Exercise input START

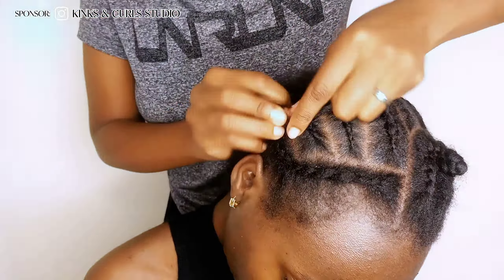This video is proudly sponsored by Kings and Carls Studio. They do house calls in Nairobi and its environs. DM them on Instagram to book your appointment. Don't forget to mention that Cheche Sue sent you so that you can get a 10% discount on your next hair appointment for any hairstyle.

Exercise input END
Exercise input START

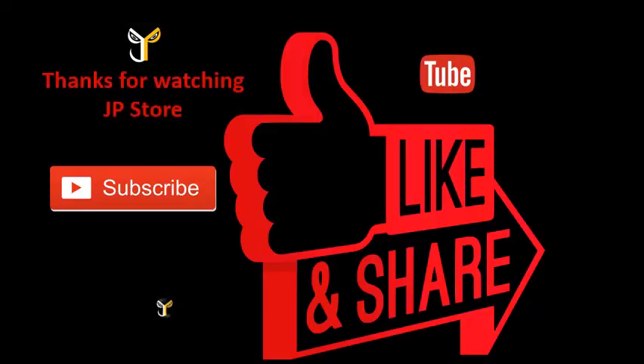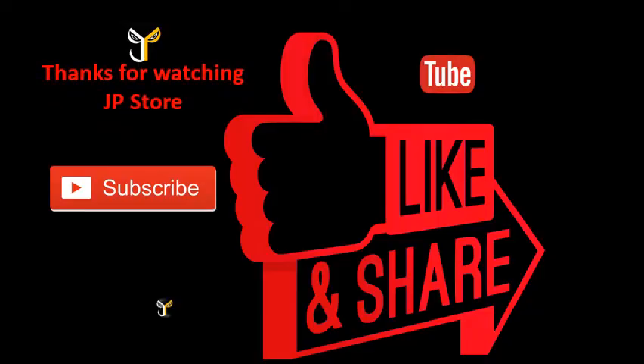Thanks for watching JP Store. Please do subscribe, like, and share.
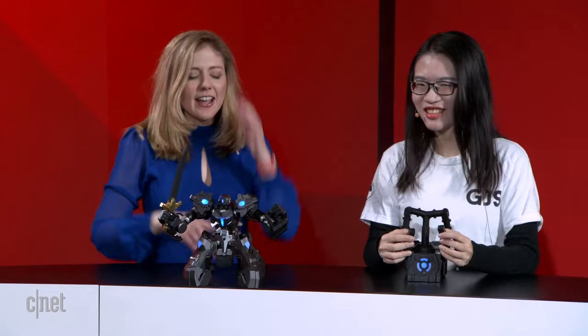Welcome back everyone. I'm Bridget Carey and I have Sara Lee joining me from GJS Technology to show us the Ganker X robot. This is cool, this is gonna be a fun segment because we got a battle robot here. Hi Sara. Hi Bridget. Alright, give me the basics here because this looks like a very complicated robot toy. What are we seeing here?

Exercise input END

In the records above, find the line with "Thanks for watching" and the line with "Welcome back everyone.". Write out exactly those lines and every one between, with no pictures and no other lines.

## [Task response]
Thanks for watching JP Store. Please do subscribe, like, and share.
Welcome back everyone. I'm Bridget Carey and I have Sara Lee joining me from GJS Technology to show us the Ganker X robot. This is cool, this is gonna be a fun segment because we got a battle robot here. Hi Sara. Hi Bridget. Alright, give me the basics here because this looks like a very complicated robot toy. What are we seeing here?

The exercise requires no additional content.